At their school, after singing “There is a green hill far away,” the teacher interviewed the class, asking how many of them were farmers’ children. The answer was: all of them. And all but two wanted to become farmers themselves.

We were not, alas, seeing anything typical, we were assured. The Raby Estate stands out in contrast to most landowners: it still offers tenancies to small farmers, instead of amalgamating into a couple of megafarms and using the farmhouses as holiday lets; and it still maintains a small school.

Everyone had a quad bike, a computer, and a mobile phone; and yet, at heart, it appeared an immemorial life, hard and unforgiving: Swaledales (the local sheep) are “the worst addiction in the world”. But it was clear that the family loved it, and they derived immense satisfaction from seeking to improve their small flock as well as they could — an ambition that paid off at the local show, where they swept the board, winning cups in ten categories.

Braining, with a lump of stone, a Pennine sheep that had been set on by yobbos’ dogs, was how Police Sergeant Catherine Cawood kicked off the second series of Happy Valley (BBC1, Tuesday of last week). The brand seems to be in excellent health, gleefully exposing the reality behind the Last of the Summer Wine fantasy.

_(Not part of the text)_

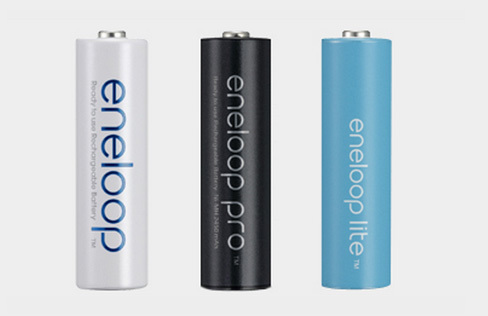 「エネループ」のほか、高容量化モデルの「eneloop pro」と電池容量を抑え繰り返し使用回数を向上させた充電池「eneloop lite」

Halifax is a no-hope gulch, peopled with vicious drug addicts, murderers, and adulterers. I find an uncomfortable mixture in the drama: the characters and their interactions are spot-on — gritty, failing, yet never fully defeated. But the plots are renaissance tragedies in their unforgiving violence.

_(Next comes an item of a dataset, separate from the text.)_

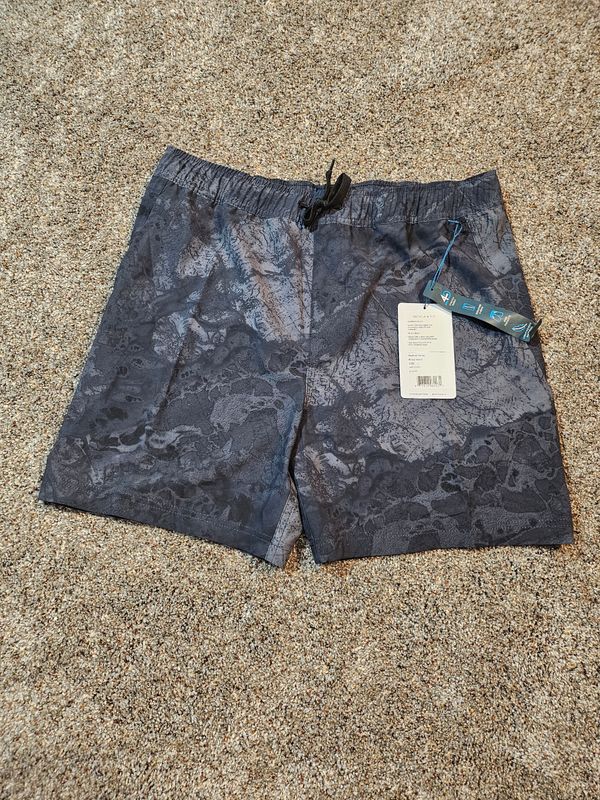 Mens size Large Pa Dutch swim trunks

Already we have three crazed zombies out for revenge on half the town, and, ere long, the screen will be filled with blood, undermining the realism of the project.

The X-Files (Channel 5, Monday of last week) has returned. As TV sci-fi hokum goes, this was always the classiest; and, in this new series, it is good to see that the sparky Fox Mulder-Dana Scully relationship still manages to outweigh the nonsense of the plots.

There is the overturning of gender stereotypes: Mulder is the soft, gullible one, while Scully is the hard-nosed sceptic. It can make some claim to a serious, even theological underlying, concept: Mulder desperately wants to believe, while Scully is always finding a reason not to.